* **Assignment**
Would you copy the listing below exactly, keeping the pictures out?

* **Data excerpt**
# # # # #

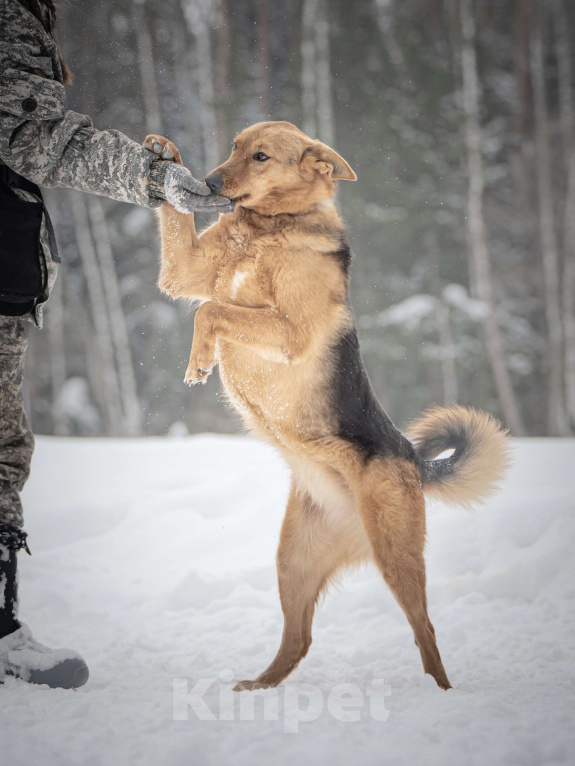 Собаки в Клине: Санни — солнечная собачка Девочка, Бесплатно - фото 6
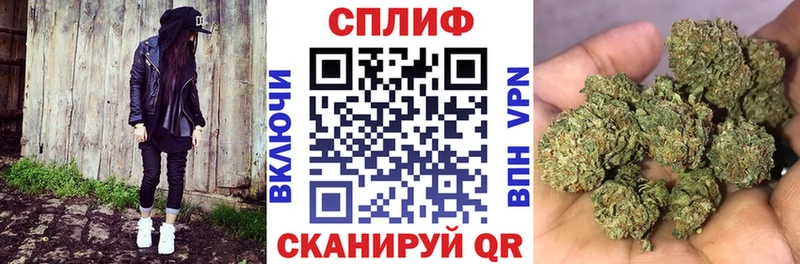 Конопля конопля  Ахтырский 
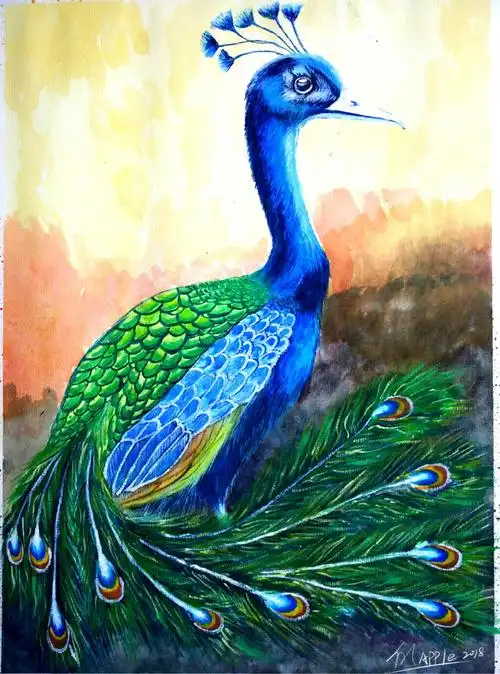 孔雀|纯艺术|绘画|min峰 - 原创作品 - 站酷 (zcool)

# # # # #

* **Answer box**
 Собаки в Клине: Санни — солнечная собачка Девочка, Бесплатно - фото 6
 Конопля конопля  Ахтырский 
 孔雀|纯艺术|绘画|min峰 - 原创作品 - 站酷 (zcool)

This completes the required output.